How Will We Live in a “Post-Racial” Society?

I’ve become quite puzzled lately by the increasingly frequent uses, in speech and in print of the term “post-racial society.” Our President has even, I think, used that phrase. I am not sure,   but it seems as if the connotations here are overriding the denotative values.  If one is seeking honest and reasoned discourse,  then here is a problem:  if someone objects to the term or believes that achievement of such a state could not be possible,  he or she, even if well-intentioned, is likely to be cast aside and ignored.

If such a possibility as a “post-racial society” is to be entertained or as seriously considered as much as a “Post-It Note,” we will need more rational approaches and a heightened sense of proper decorum in our discussion forums.

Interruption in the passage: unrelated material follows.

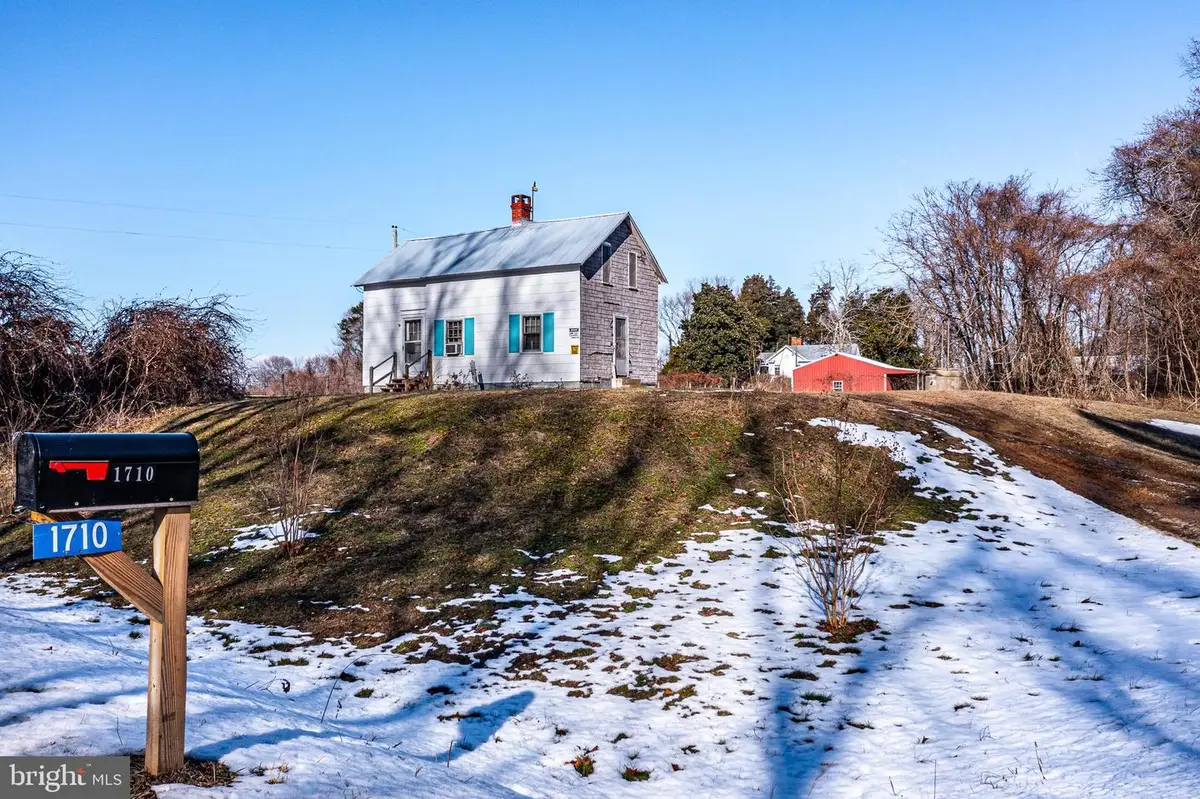 1710 Folly Rd, Heathsville, VA 22473 - #1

I think most of those who use the term intend to signify a society in which prejudice and discrimination are in effect eradicated, and thus no one will be treated unfairly or criminally because of their ethnic characteristics:  in particular, facial color and features. Maybe even dress,  and sometimes these days,  maybe even tattoos.

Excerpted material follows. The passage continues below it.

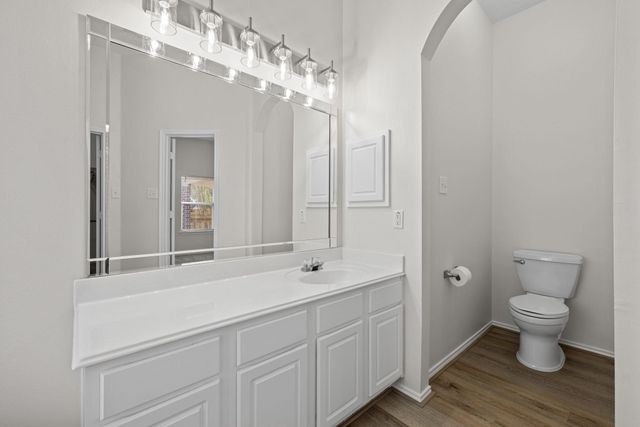 17803 Memorial Falls Drive, Tomball, TX 77375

But I get puzzled because the term “racial” is and should be most commonly and effectively used neutrally:  to signify that the world’s population (or perhaps more narrowly the population of a nation, or a particular city or community) can be divided into specific subcultures with visible or tangible features that will identify their members by certain specific features.

If the speaker or writer wants to speak about a future time when all the members of a particular population entity have intermarried and bred to such an extent that they all share the same identifying features and abilities,  then I would prefer that “post-racist” or even “post-racialist” (the latter being sometimes labelled as “Chiefly British”)  be used.   Who can oppose or would oppose such a Utopian vision?

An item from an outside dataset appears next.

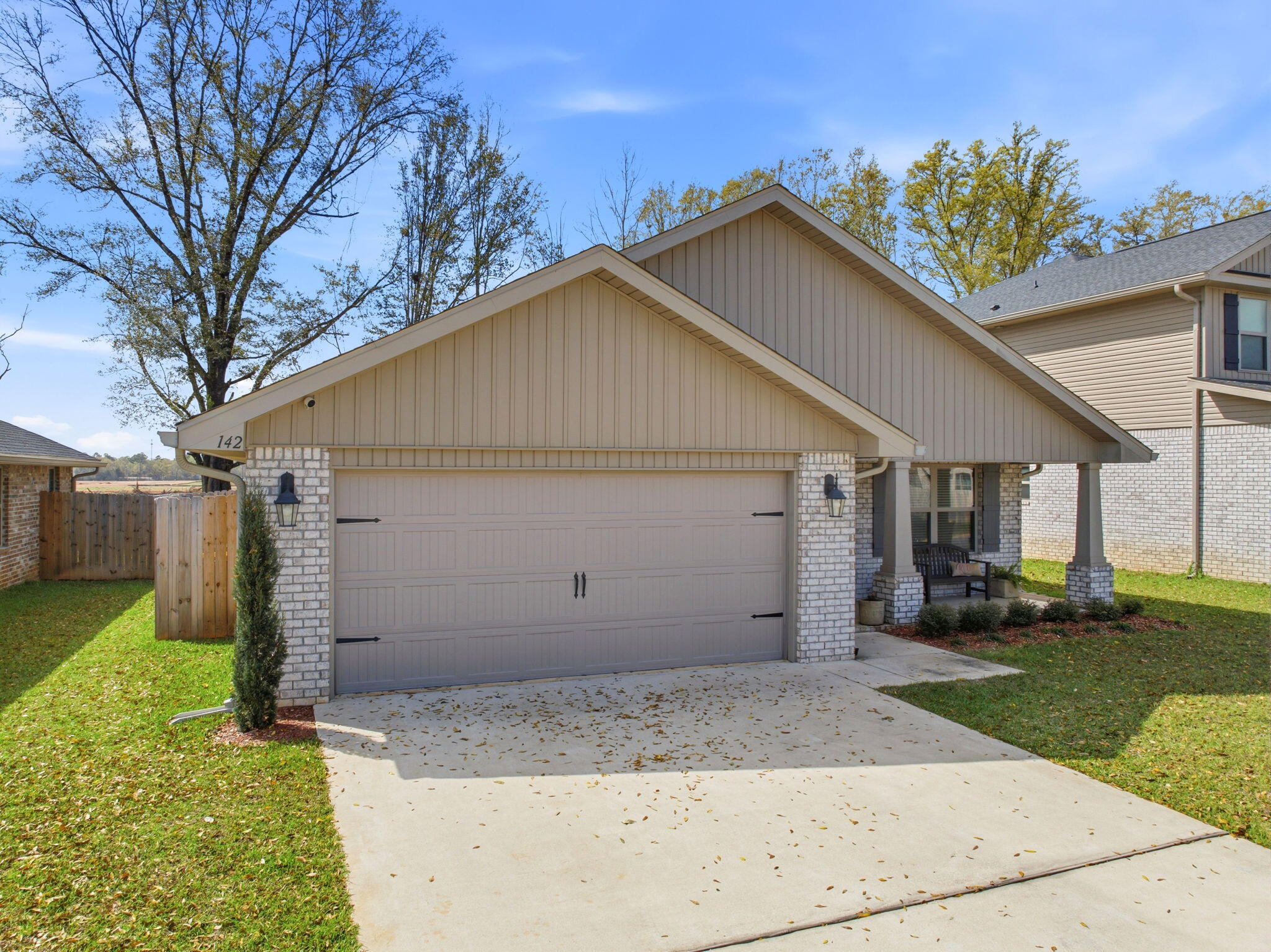 Ridgeway Landing - Residential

If our country would become “post-racial” in the sense that I usually understand it,  then I would expect that all Americans would be able both to jump as high and to swim as well as those with similar athletic abilities, thus leveling out these contemporary, stereotypical characteristics.

As early as the first half of the last century,  an anthropologist, anatomist, and humanist  was pressing hard the thesis that “race” was a nonsensical term.  See especially Ashley Montagu’s 1942 study,  “Man’s Most Dangerous Myth:  The Fallacy of Race.”  As a student of Alfred Korzybski,  Ruth Benedict, and Franz Boas,  Montagu (1905-1999) was also a well-trained and skillful semanticist. In our present culture many more job applicants are resisting the filling in of the application form’s query about one’s “race.”   Tiger Woods (did he need a new job, and some feel he soon could) might write in “Cablinasian,”  another has written “100-yard dash,”  still another “homo sapiens”   and so on.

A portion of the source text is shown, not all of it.